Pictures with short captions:

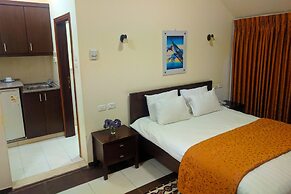 Alhambra Palace Hotel Suites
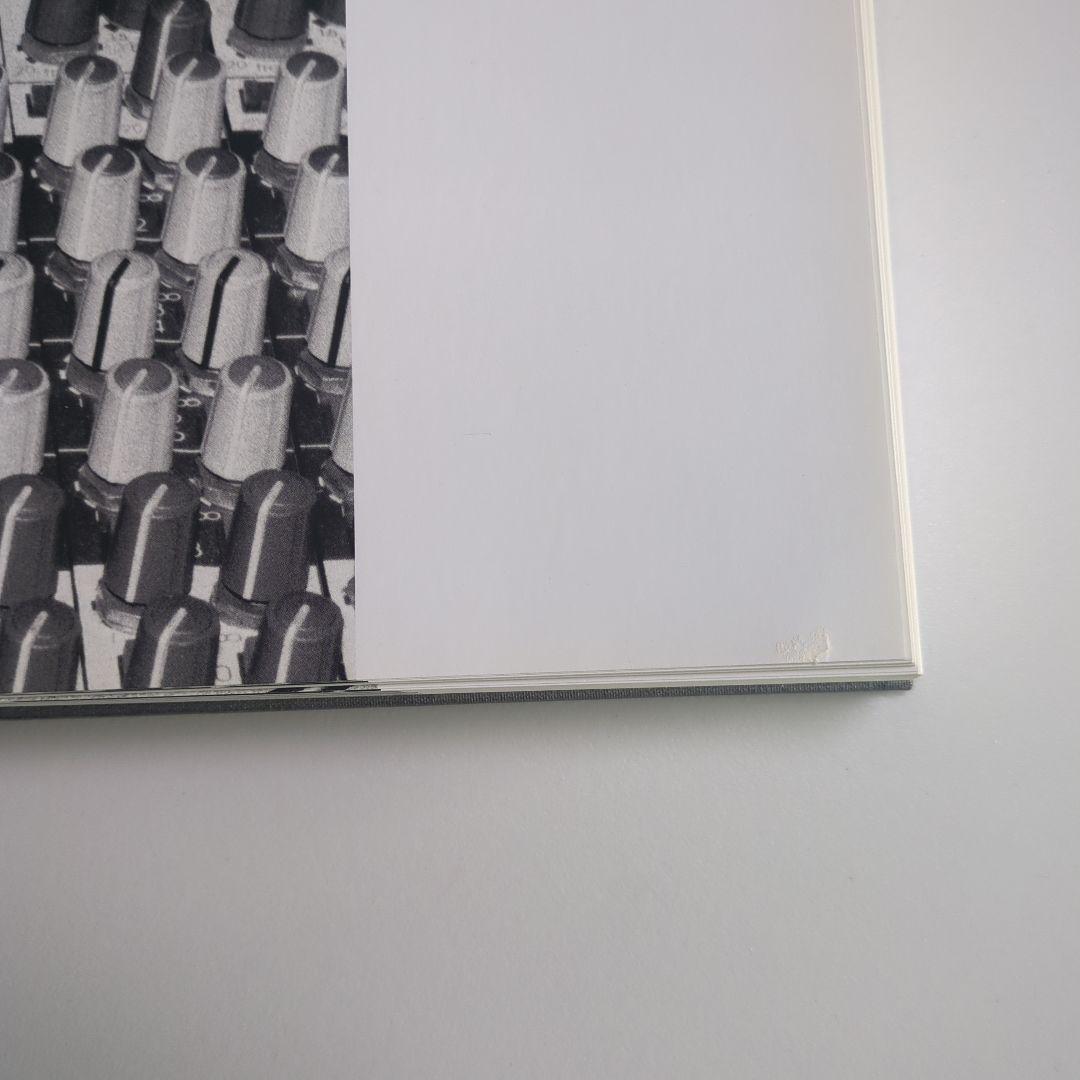 【絶版】 Hedi Slimane エディ・スリマン 写真集 Stage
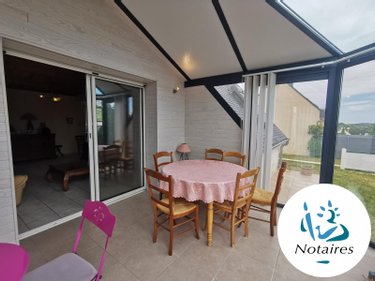 Maison a vendre Lannion 22300 Côtes-d'Armor 64 m2 3 pièces 177500 euros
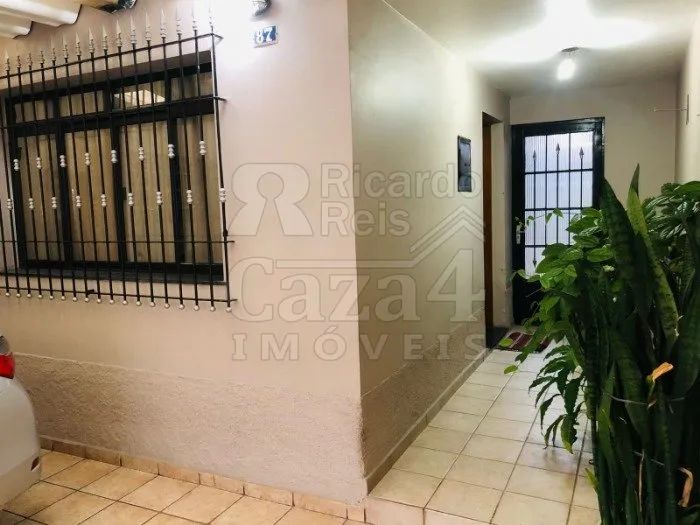 VENDA | SOBRADO NO CONJUNTO INGAÍ - Foto 2
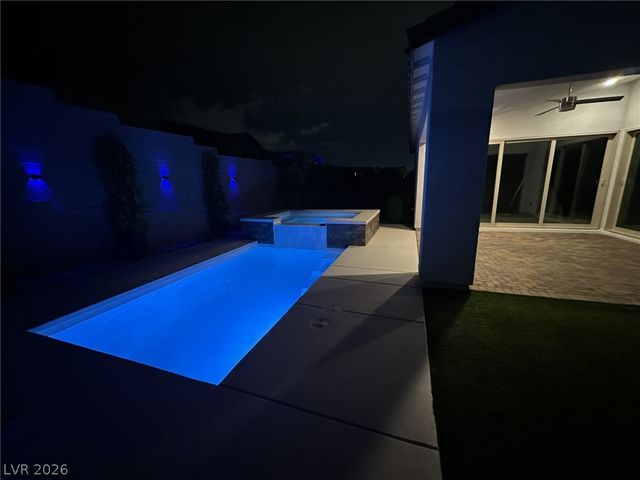 797 Marifield Court, Henderson, NV 89052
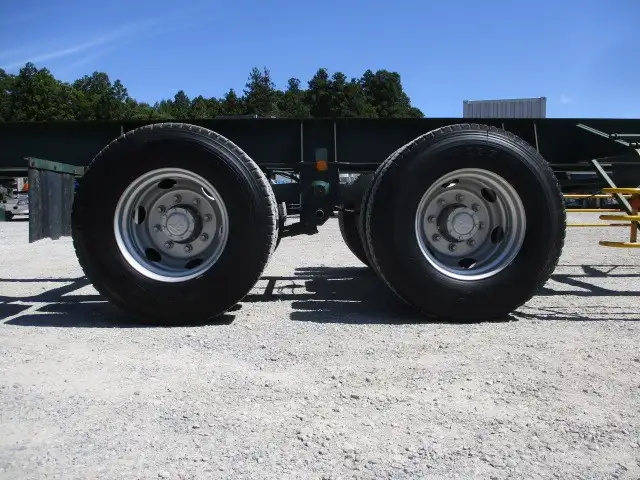 平成22年02月中古その他コンテナシャーシー東急東急の画像35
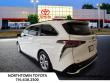 2023 Toyota Sienna XSE 7 Passenger Minivan/Van
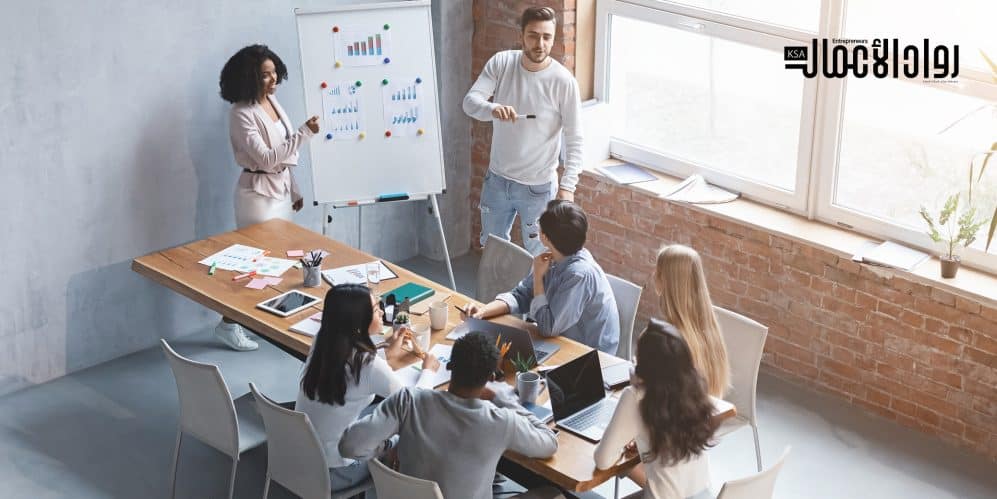 العصف الذهني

* EXERCISE OBJECTIVE
Your reply should hold only the lines from the one that contains "VENDA | SOBRADO NO CONJUNTO INGAÍ - Foto 2" through the last line of the records above, exact and complete, and no pictures.

* ANSWER TO THIS EXERCISE
 VENDA | SOBRADO NO CONJUNTO INGAÍ - Foto 2
 797 Marifield Court, Henderson, NV 89052
 平成22年02月中古その他コンテナシャーシー東急東急の画像35
 2023 Toyota Sienna XSE 7 Passenger Minivan/Van
 العصف الذهني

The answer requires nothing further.